Segment Open
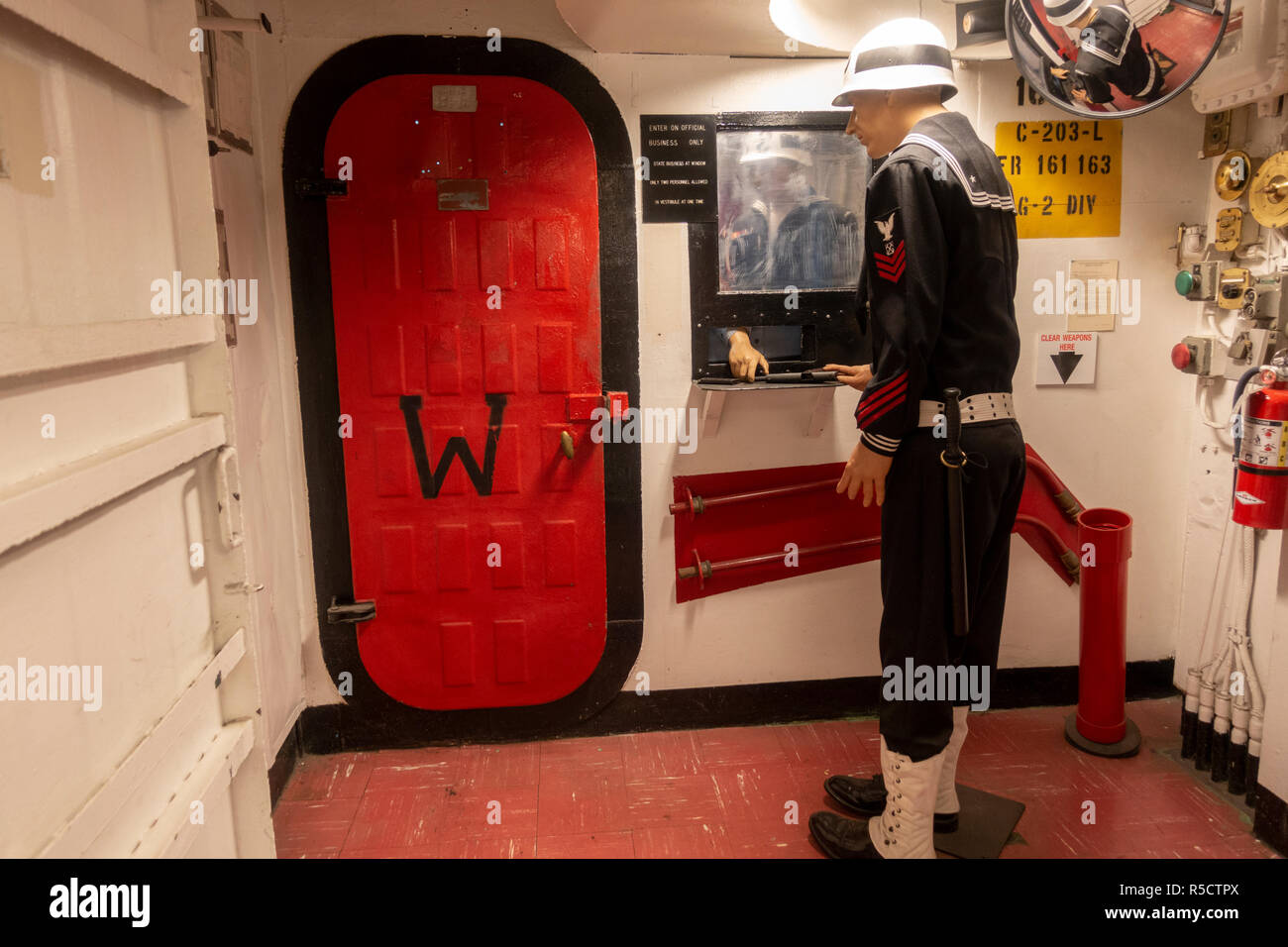 Entrée de la salle d'armes du navire (à bord de marine avait une armoirie), USS Midway Museum, San Diego, California, United States. Banque D'Images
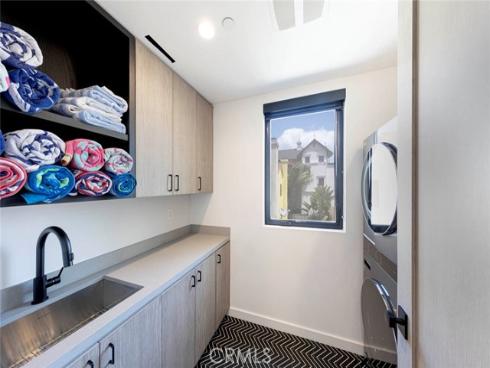 506 7th Street, Huntington Beach, CA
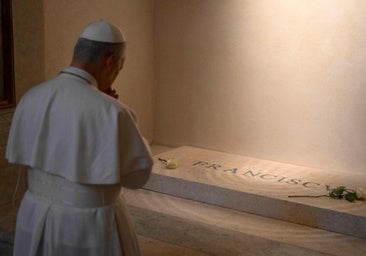 El Papa León XIV visita la tumba de Francisco tras rezar en el santuario de Genazzano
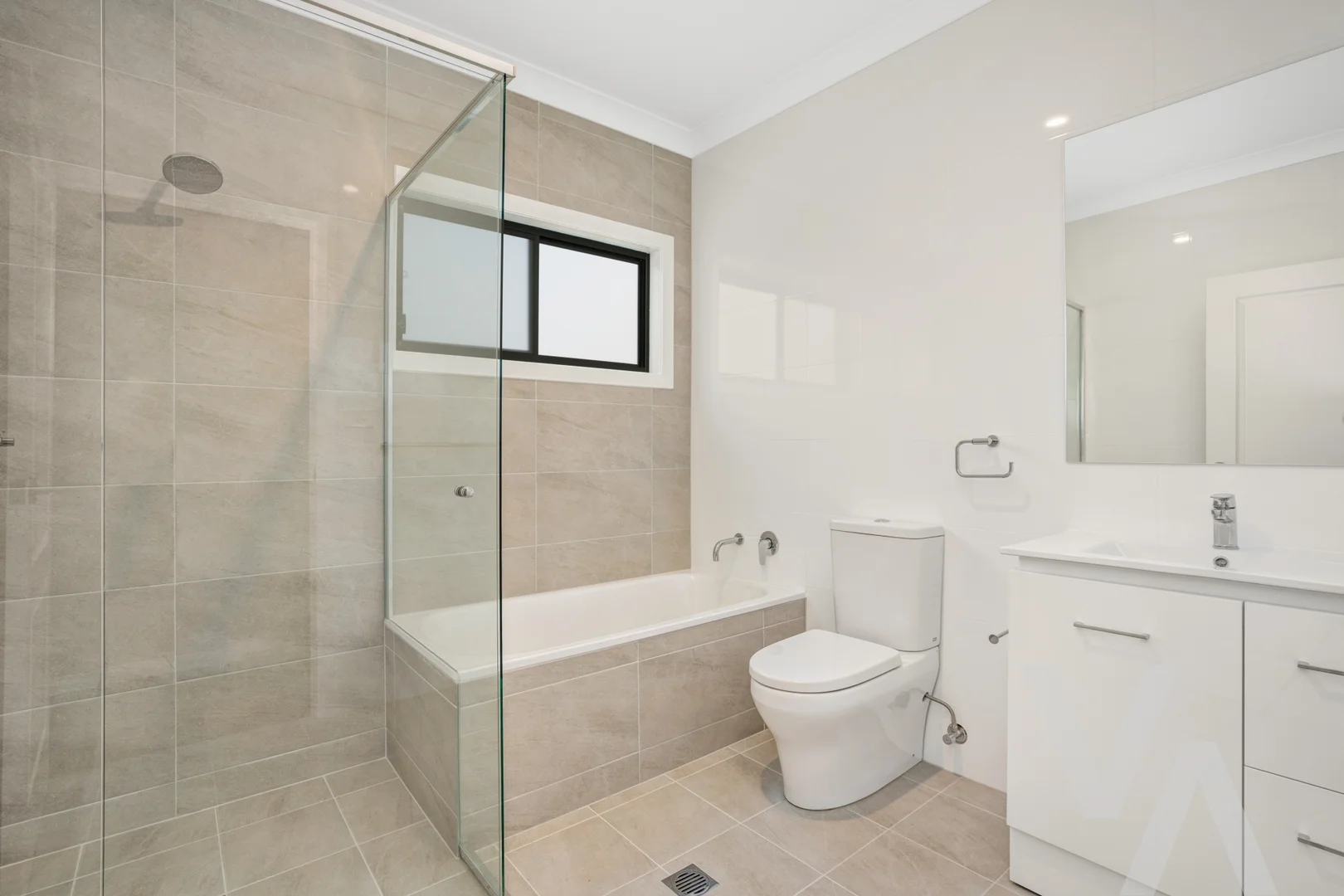 Additional image 5 of 4/49-51 Yorston Street, Warners Bay NSW 2282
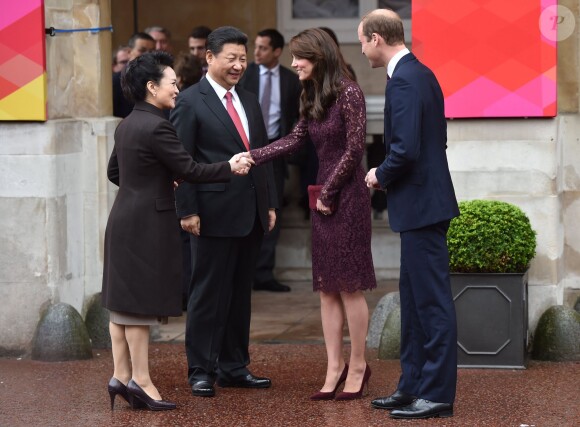 Kate Middleton, duchesse de Cambridge (en robe Dolce and Gabbana), et le prince William étaient le 21 octobre 2015 les hôtes du président chinois Xi Jinping et son épouse Peng Luyan, présents à leurs côtés à Lancaster House, à Londres, pour une série d'événements dans le cadre de leur visite officielle.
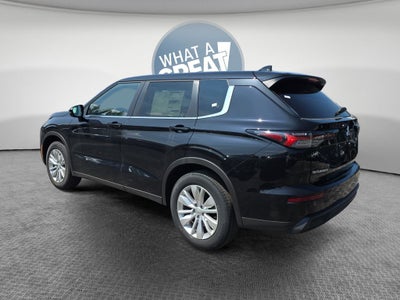 2026 Mitsubishi Outlander ES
Segment Closed
§ GOAL OF THE EXERCISE:
Leave every picture out and write out exactly the lines from the line with "Kate Middleton, duchesse" through the last line of the material.

§ TASK ANSWER:
 Kate Middleton, duchesse de Cambridge (en robe Dolce and Gabbana), et le prince William étaient le 21 octobre 2015 les hôtes du président chinois Xi Jinping et son épouse Peng Luyan, présents à leurs côtés à Lancaster House, à Londres, pour une série d'événements dans le cadre de leur visite officielle.
 2026 Mitsubishi Outlander ES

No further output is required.